In the next NR, you'll find my review of Ratatouille, which I'm one of the few critics in America not to swoon for. I think this (swooning) post from Peter Suderman gets at the film's strengths, and also suggests why it's earned more critical laurels than (to my mind) it deserves. After a rapturous description of the film's many fine action sequences, Peter finishes up:
For all [Brad] Bird’s proficiency as a storyteller, he’s really an action director, a filmmaker who thrills to motion and movement, scope and spectacle, the inner workings of complex machines tiny, intricate, interlocking parts and the airy thrills of flight.

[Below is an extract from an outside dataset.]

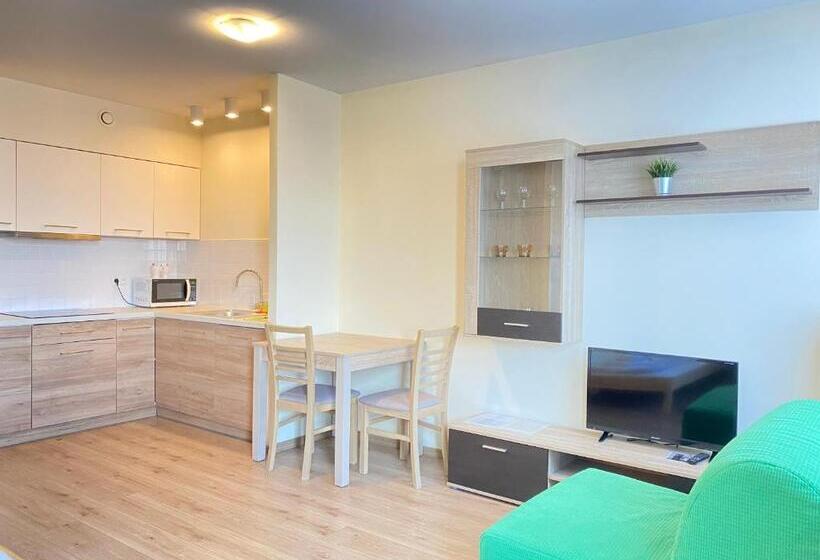 标准间, Residence Apart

So yes, Ratatouille is great because it’s poignant, and achingly sweet, and superbly witty. And yes, it has the character of Anton Ego, the single greatest portrayal of a critic ever to grace the silver screen. And yes, it’s a strikingly beautiful film, with a warm fall palette and a vision of Paris that is mad with ambition and romance. But even more than all of these things, Ratatouille is great, and especially a great summer movie, because, quite simply, it kicks ass—just like an action movie should.
Except for the part about "poignant, and achingly sweet, and superbly witty," I agree with all of this. The film's action sequences are brilliant; its palette is lush enough to sink into; its attention to detail is remarkable. As a feat of cinematic technique, at least in the medium of animation, it may be unrivaled, which is why people who are interested in the technical art of cinema tend to like it so much. And when you throw in the fact that yes, Anton Ego may indeed be the "greatest portrayal of a critic" in cinematic history, I think its no wonder that the reviews have nearly all been raves. (Call it the Sideways phenomenon.)
However, the script is not superbly witty, the human leads are frankly unappealing (Owen Gleiberman called Linguine, the kitchen boy, "a one-note stumblebum," which I think is too kind by half) and the villain is cardboard and lamer-than-lame. Technically, Ratatouille is a great advance on The Incredibles. As a complete work of art, though, it's nowhere close.